PENYULUHAN PERTANIAN DI PERSIMPANGAN JALAN

Subejo, PhD*

*) Departemen Sosial Ekonomi Pertanian, Fakultas Pertanian UGM

 

Ketika program revolusi hijau (green revolution) dikenalkan awal 1970-an dan berkembang hingga terbukti ampuh dengan pencapaian swasembada beras nasional tahun 1984, penyuluhan pertanian banyak disebut sebagai salah satu kunci kisah sukses tersebut. Kini hampir seperempat abad setelah even tersebut, nampaknya menjadi momen yang penting untuk mengengok kembali eksistensi dan kondisi terkini atas penyluhan pertanian.

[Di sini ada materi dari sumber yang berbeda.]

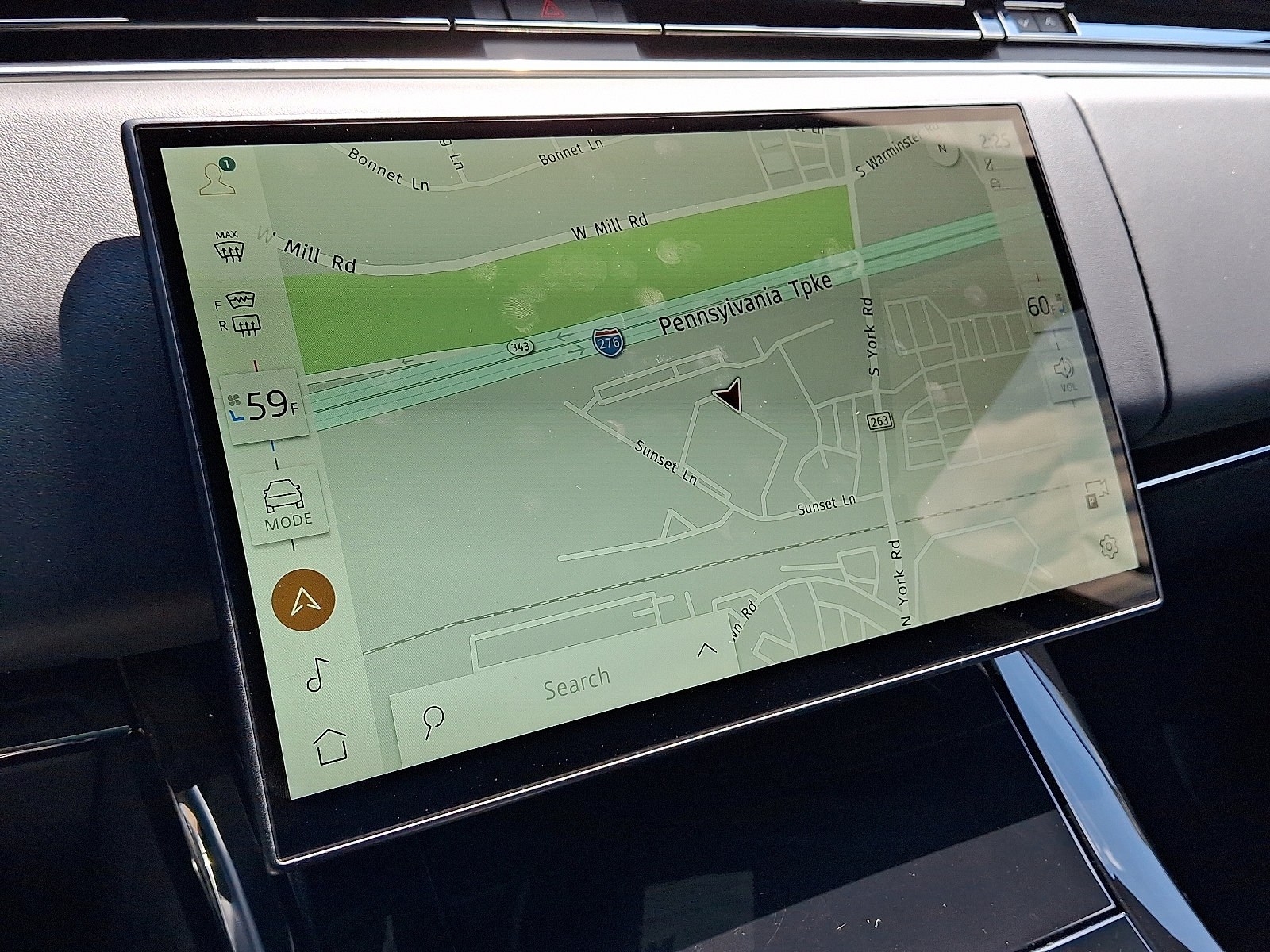 Used 2025 Land Rover Range Rover Sport SE image 18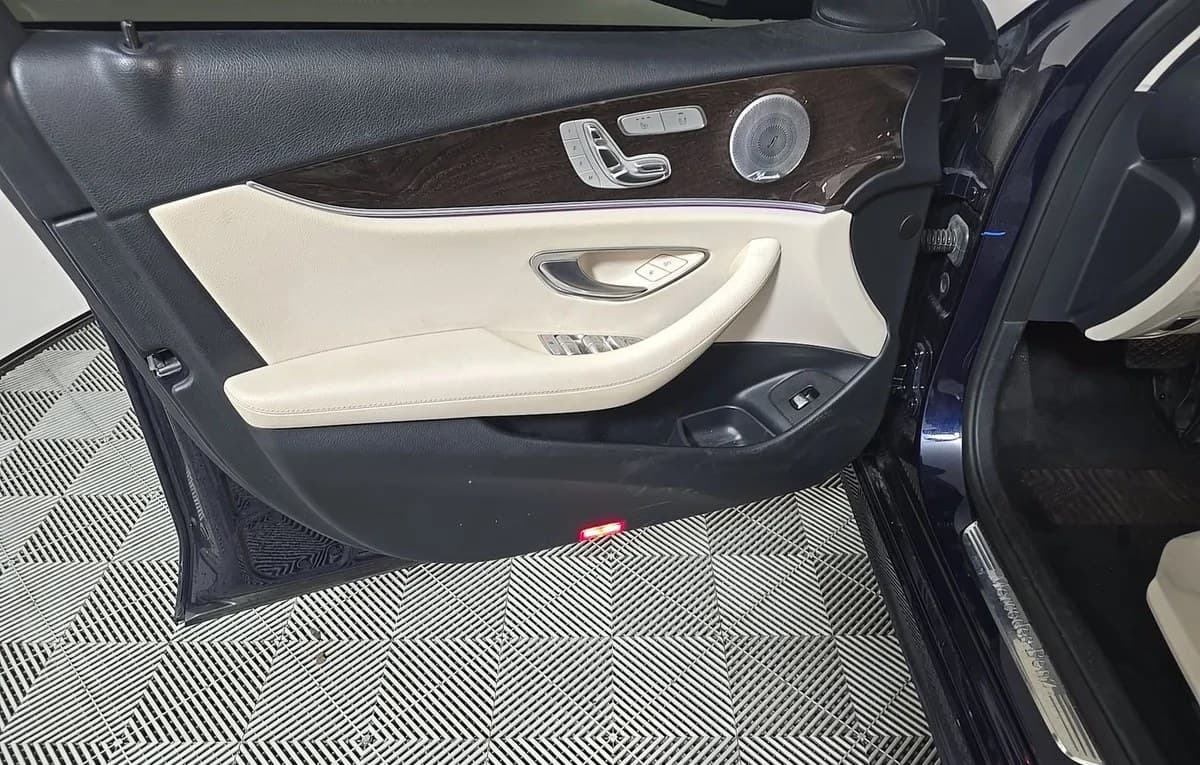 2019 MERCEDES-BENZ E-CLASS E 300 6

Penyuluhan pertanian secara umum dipahami sebagai kegiatan menyebarluaskan informasi pertanian serta membimbing usahatani bagi petani di Indonesia. Dalam perjalannya penyuluhan pertanian telah mengalami masa keemasan dan kesuraman. Dinamika penyuluhan pertanian bergerak sejalan dengan dinamika sosial, politik dan ekonomi nasional. Ketika kebijakan nasional memberi prioritas yang tinggi pada pembangunan pertanian maka aktivitas penyuluhan berkembang dengan sangat dinamis, dan sebaliknya ketika prioritas pembangunan pertanian tidak menjadi agenda utama maka penyuluhan pertanian mengalami masa suram dan stagnasi.

Kejayaan Masa Lalu

Terlepas dari kontraversi dampak revolusi hijau terhadap aspek sosial, ekonomi dan lingkungan sumber daya, fakta sejarah telah mencatat masa kejayaan penyuluhan pertanian dalam mensukseskan program swasembada pangan. Berbagai dokumentasi badan internasional maupun nasional mencatat prestasi gemilang atas peran penting penyuluhan pertanian.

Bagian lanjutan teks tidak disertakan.